Senza interventi sul Codice Appalti, rischiamo il collasso dei servizi essenziali

Matteo Nevi, Direttore di Assosistema Confindustria, spiega a TrendSanità le criticità del nuovo Codice degli Appalti, l’urgenza di una revisione prezzi equa tra lavori e servizi e le conseguenze concrete per cittadini e operatori sanitari se non si interviene subito

Il conto alla rovescia è partito. Mense scolastiche, pulizie ospedaliere, sanificazione dei dispositivi medici tessili e sterilizzazione dello strumentario chirurgico, servizi di welfare e assistenza: l’infrastruttura invisibile che ogni giorno tiene in piedi scuole, ospedali, uffici pubblici e strutture sanitarie rischia di fermarsi. Il motivo? Le criticità del nuovo Codice Appalti che, nonostante le recenti correzioni, continua a penalizzare pesantemente i servizi rispetto ai lavori pubblici, soprattutto in tema di revisione prezzi.

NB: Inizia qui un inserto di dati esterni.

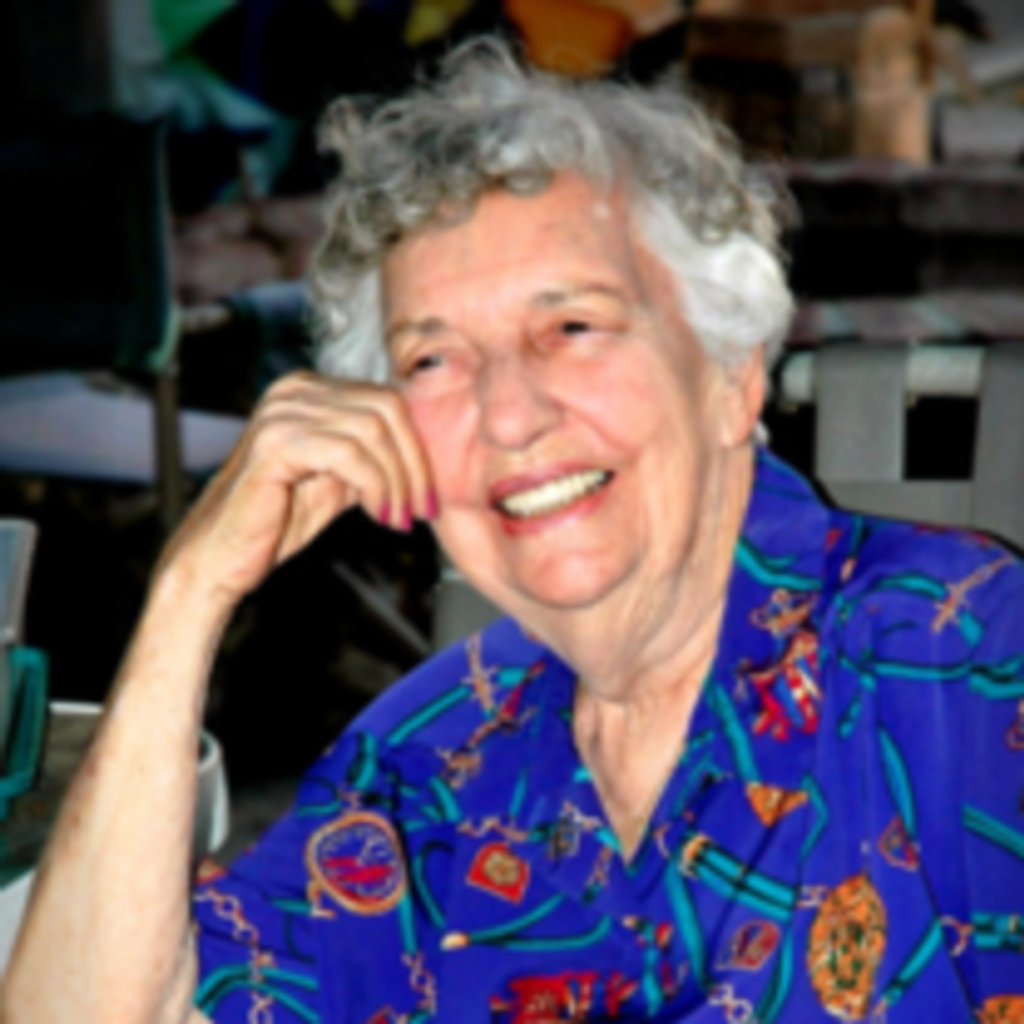 Ermagene Keast Profile Photo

«Il tempo è scaduto. Ora serve il coraggio politico»

È questo l’allarme lanciato alla Camera dei Deputati dalla Consulta dei Servizi, rete che riunisce 19 associazioni nazionali e migliaia di imprese che operano nel settore del facility management e dei servizi essenziali. Un settore che impiega circa un milione di lavoratrici e lavoratori e genera un valore economico di oltre 70 miliardi di euro l’anno.

Durante la conferenza stampa promossa dall’Onorevole Erica Mazzetti e sostenuta da parlamentari di diversi schieramenti è stato presentato il 20 maggio il Manifesto dei Servizi e annunciata la nascita di un intergruppo parlamentare per gli appalti pubblici nei servizi, un primo passo per colmare il divario normativo che rischia di compromettere la continuità di funzioni vitali per il Paese.

Manifesto dei servizi

Il correttivo al Codice dei contratti pubblici approvato il 23 dicembre 2024, che disciplina la revisione prezzi diversificandola tra settore dei lavori pubblici e settore dei servizi, ha abbassato la soglia per la revisione prezzi nel settore dei lavori (dal 5% al 3%, con riconoscimento del 90% dei costi eccedenti), ma ha lasciato invariate le condizioni per i servizi (5% di soglia e riconoscimento solo dell’80%). Si crea, pertanto, una disparità di trattamento che mina l’equilibrio contrattuale, soprattutto nei settori ad alta intensità di manodopera, con pesanti conseguenze occupazionali, economiche e sulla qualità dei servizi pubblici.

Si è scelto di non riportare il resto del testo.